Legitimate discrimination on the basis of ability and performance is obstructed by the pervasive suspicion that all discrimination, at least in India, is at bottom and by its nature invidious.

DISCRIMINATION IN matters relating to work is a cause for growing concern all over the world. The International Labour Organisation has sought to prohibit it through the adoption of a set of Core Labour Standards. These standards are not always easy to apply in all parts of the world, and they become a source of friction between national and international agencies. National Governments do their best to resist scrutiny by outside bodies while international agencies tend to adopt a self-consciously virtuous attitude towards problems that are complex, not to say intractable.

Discrimination, at work and outside work, is widespread in Indian society. Indeed, discrimination on the basis of caste and gender was the rule rather than the exception in India's traditional hierarchical order.

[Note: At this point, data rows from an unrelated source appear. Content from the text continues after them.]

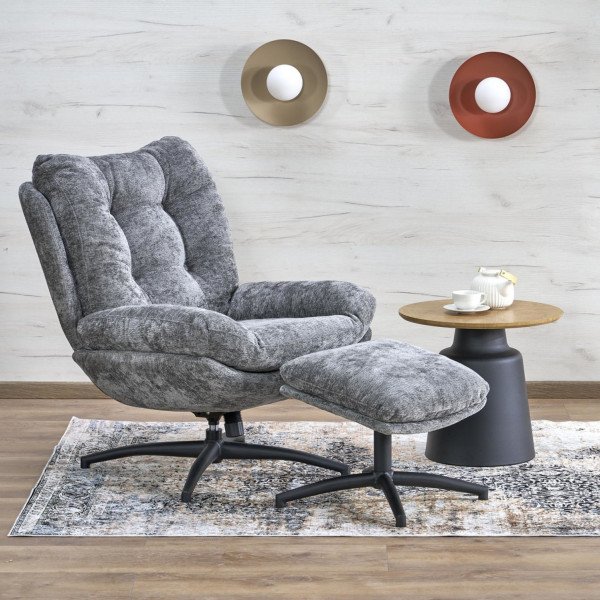 NEXUS modern forgófotel lábtartóval – szürke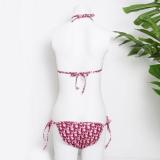 Women Summer Designer Bikini Floral Printed Cross-Criss Two Pieces Swimwear Low Waist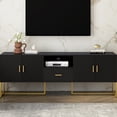 thumbnail image 2 of Black Tv Stand For Living Room, 70-inch Tvs, 1 Drawer, 2 Cabinets, Metal Legs, Cabinet, , , Stylish Room Piece, 2 of 6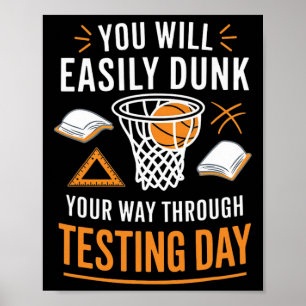 Affiche Professeur de jour de test drôle Sketll Dunk Jour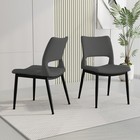 Modern Minimalist Grey Pu Leather Dining Chairs Set Of 2  Comfortable Backrest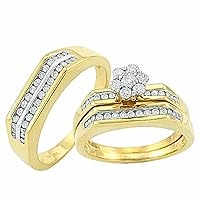 1.50Ct Round Cut White Diamond 925 Sterling Silver 14K Yellow Gold Over Diamond Engagement Wedding Band Trio Ring Set for Him & Her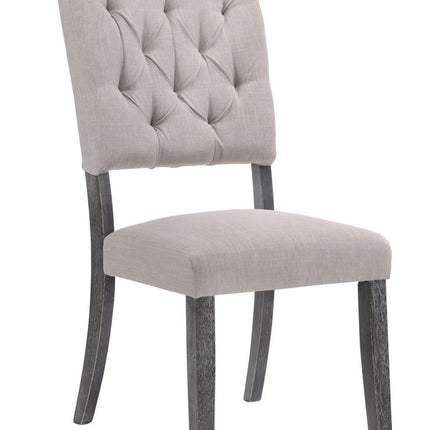Set of Two Tufted Gray Upholstered Linen And Solid Wood Open Back Dining Side Chairs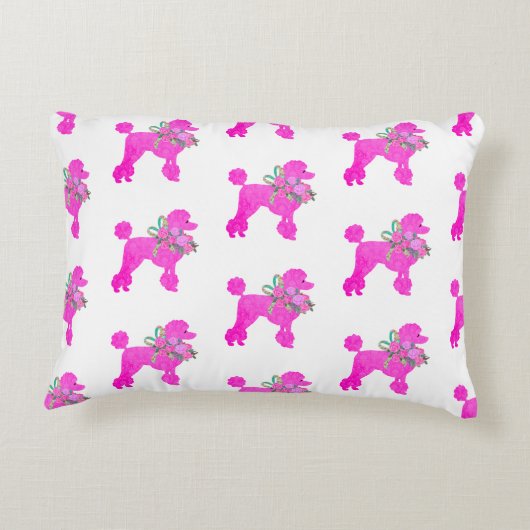 ピンクプードルパーソナライズされた アクセントクッション (裏面)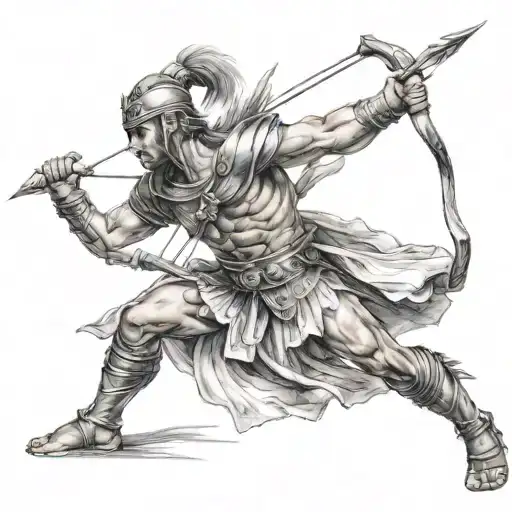 Roman Warrior With A Bow And Arrow And 4 Arrows Pointing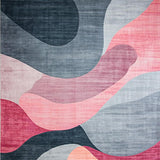 Ultra Soft Area Rug, Non Slip, Stain Resistant, Washable Area Rugs for Living Room, Bedroom, Elegant Grey Pink Geometric Fusion(Gray)
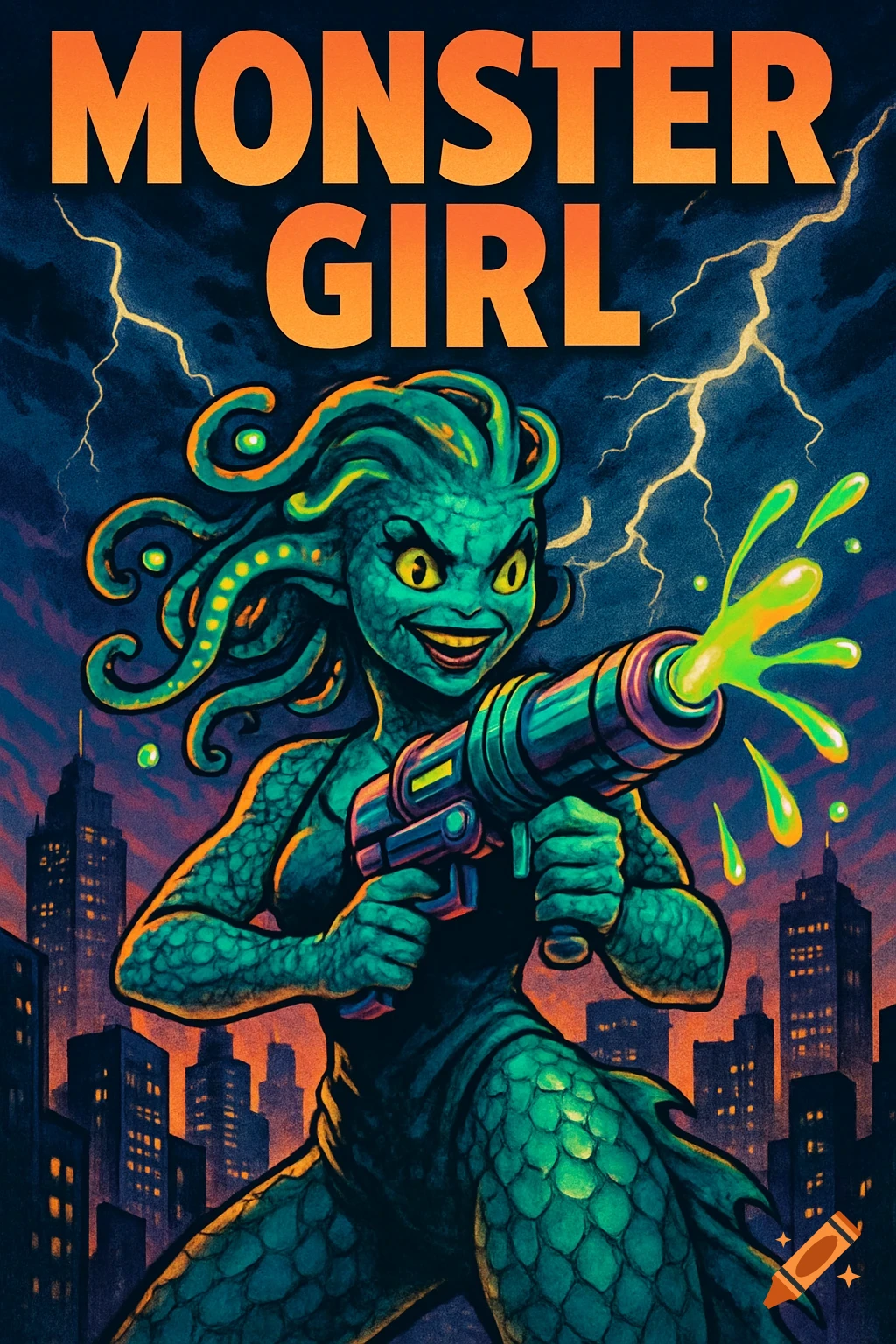 A vibrant comic-style poster of a green monster girl with tentacles for hair, holding a slime blaster in a city under a stormy sky.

The entire division of labour was caste based and gender based. Though discrimination is now forbidden by the new Constitution and the new laws, many of the old practices continue. This does not mean that there has been no change in attitudes and values among Indians. This change, however, has not been uniform, much depending on the nature of work and on its institutional setting.

Without denying the great harm done to economic and social life by the more odious forms of discrimination, one must be careful not to tar all forms of it with the same brush. For many persons working with international agencies and for NGOs, the very word `discrimination' acts like a red rag to the bull, and such persons often lack the patience and the inclination to distinguish between the practice of discrimination and allegations or suspicions of it.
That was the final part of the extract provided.